TASK OBJECTIVE: Pull out every line with the word "Thumbnail" from the entries below.

(Scraped caption text data)
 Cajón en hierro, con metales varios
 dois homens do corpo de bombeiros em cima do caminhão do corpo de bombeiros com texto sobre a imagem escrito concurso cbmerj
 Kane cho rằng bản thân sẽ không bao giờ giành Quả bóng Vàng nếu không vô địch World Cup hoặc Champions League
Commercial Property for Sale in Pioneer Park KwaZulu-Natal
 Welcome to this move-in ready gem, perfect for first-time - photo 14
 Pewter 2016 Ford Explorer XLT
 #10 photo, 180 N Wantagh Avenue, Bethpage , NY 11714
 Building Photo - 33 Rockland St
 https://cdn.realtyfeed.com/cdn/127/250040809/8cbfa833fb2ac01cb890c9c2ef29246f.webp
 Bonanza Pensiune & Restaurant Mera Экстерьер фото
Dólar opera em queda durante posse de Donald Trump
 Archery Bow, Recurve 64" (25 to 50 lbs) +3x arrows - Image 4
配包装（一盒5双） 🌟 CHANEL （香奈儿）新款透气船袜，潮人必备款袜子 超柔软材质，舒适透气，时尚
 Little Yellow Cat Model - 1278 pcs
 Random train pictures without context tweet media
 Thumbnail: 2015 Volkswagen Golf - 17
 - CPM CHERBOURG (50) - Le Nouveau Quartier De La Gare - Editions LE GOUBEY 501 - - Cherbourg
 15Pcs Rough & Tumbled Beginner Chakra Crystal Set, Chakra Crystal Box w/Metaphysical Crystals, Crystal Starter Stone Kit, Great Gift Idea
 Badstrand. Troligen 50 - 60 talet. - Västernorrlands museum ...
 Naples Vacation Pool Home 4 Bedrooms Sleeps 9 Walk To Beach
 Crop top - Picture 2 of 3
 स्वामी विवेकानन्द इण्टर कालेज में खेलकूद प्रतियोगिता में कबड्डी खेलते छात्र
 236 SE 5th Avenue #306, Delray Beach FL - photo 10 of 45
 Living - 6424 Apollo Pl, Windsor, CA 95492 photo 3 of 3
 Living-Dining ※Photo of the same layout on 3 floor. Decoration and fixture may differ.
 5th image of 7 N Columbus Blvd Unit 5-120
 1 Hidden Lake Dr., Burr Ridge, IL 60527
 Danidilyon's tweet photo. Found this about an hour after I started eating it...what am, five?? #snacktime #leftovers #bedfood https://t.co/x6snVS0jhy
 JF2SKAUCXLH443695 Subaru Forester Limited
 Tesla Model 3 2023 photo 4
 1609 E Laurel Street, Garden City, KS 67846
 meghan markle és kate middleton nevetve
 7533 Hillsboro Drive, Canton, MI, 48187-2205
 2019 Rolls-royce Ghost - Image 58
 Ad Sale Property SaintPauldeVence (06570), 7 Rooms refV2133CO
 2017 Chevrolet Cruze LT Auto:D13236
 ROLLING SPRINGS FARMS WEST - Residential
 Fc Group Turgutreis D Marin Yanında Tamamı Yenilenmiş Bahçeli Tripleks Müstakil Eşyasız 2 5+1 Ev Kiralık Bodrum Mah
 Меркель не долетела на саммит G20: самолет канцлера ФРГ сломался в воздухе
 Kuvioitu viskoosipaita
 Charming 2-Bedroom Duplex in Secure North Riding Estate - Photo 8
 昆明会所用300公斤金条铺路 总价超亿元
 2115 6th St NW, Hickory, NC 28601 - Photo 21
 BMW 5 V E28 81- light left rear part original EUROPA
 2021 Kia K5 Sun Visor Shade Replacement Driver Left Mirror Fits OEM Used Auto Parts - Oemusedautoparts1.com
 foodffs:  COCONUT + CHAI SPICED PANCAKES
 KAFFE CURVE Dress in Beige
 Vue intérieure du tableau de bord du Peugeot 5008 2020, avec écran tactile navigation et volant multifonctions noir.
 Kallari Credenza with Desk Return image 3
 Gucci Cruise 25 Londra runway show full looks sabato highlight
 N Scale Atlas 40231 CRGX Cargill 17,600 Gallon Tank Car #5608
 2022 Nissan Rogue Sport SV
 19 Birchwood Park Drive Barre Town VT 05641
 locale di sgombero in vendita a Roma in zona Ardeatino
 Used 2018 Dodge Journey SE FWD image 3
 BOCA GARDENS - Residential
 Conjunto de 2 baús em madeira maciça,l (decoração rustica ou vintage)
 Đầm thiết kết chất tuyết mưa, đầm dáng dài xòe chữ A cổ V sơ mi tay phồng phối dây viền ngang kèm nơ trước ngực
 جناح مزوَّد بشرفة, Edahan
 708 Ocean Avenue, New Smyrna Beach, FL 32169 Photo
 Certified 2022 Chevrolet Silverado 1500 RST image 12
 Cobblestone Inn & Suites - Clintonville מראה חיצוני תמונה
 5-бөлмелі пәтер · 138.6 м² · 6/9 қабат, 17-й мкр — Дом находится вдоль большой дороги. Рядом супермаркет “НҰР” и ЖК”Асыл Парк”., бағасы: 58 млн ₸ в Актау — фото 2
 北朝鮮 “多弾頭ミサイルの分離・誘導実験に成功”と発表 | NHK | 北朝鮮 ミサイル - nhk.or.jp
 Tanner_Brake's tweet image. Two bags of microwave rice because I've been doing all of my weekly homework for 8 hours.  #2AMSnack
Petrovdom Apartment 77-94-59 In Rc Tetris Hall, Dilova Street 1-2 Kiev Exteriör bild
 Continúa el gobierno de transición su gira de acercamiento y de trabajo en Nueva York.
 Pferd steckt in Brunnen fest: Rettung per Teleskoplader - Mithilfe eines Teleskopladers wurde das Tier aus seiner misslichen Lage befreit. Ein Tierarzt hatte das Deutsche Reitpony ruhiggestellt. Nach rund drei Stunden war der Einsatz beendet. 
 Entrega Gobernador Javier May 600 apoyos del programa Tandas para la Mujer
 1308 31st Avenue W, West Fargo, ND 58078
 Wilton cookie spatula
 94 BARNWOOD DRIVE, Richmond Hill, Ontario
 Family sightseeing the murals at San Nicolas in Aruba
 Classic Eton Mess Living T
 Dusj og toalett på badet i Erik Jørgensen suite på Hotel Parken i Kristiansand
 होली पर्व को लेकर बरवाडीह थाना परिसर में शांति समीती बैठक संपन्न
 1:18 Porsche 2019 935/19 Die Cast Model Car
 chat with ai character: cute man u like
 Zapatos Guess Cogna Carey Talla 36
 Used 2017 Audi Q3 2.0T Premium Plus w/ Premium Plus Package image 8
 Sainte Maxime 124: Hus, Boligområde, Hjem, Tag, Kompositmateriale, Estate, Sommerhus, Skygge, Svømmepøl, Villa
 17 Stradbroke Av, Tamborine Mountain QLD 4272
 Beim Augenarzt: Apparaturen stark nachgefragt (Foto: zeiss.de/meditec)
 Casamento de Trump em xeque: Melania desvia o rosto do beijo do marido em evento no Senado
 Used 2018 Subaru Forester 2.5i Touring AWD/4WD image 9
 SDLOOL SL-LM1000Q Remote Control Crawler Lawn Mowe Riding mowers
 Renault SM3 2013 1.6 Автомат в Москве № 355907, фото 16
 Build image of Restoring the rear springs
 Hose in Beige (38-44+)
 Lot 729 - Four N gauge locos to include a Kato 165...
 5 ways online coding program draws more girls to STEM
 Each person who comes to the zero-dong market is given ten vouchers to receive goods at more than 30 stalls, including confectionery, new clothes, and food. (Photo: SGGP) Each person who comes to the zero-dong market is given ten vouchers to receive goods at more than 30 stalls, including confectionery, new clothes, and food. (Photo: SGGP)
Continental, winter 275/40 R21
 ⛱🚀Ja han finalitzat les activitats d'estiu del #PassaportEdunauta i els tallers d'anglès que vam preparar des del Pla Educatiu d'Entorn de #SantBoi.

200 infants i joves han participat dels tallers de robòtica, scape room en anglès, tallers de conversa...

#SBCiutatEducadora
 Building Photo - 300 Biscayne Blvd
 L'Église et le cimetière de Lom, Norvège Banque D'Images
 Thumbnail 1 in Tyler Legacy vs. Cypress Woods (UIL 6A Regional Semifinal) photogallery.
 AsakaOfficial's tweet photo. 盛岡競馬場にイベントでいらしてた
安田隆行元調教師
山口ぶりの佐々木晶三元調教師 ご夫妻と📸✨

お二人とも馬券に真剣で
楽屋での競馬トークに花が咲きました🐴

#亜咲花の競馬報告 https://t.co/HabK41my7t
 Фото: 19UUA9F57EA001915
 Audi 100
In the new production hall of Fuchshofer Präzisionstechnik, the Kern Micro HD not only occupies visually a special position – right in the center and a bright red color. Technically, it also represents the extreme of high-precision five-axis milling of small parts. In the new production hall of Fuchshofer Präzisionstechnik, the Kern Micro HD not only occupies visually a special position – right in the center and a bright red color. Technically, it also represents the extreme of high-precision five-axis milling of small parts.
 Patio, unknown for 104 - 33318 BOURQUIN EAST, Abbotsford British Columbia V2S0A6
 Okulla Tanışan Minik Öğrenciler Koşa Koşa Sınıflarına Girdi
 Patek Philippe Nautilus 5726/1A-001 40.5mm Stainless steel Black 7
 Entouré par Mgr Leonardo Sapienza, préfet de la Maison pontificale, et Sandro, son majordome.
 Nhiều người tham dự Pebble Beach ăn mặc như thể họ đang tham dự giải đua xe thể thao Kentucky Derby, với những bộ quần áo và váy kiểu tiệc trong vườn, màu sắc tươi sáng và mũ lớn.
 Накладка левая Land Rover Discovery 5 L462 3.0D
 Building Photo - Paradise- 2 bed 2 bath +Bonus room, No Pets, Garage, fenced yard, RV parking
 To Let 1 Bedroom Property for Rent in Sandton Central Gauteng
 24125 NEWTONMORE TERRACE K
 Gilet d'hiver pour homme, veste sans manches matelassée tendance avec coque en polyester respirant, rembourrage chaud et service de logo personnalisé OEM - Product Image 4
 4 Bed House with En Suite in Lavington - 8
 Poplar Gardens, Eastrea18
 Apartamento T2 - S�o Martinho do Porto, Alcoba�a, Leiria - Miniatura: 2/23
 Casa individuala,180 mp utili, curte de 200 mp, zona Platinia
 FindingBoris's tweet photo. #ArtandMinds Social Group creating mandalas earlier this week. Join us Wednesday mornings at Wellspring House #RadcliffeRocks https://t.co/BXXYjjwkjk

YOUR SOLUTION:
 Thumbnail: 2015 Volkswagen Golf - 17
 Thumbnail 1 in Tyler Legacy vs. Cypress Woods (UIL 6A Regional Semifinal) photogallery.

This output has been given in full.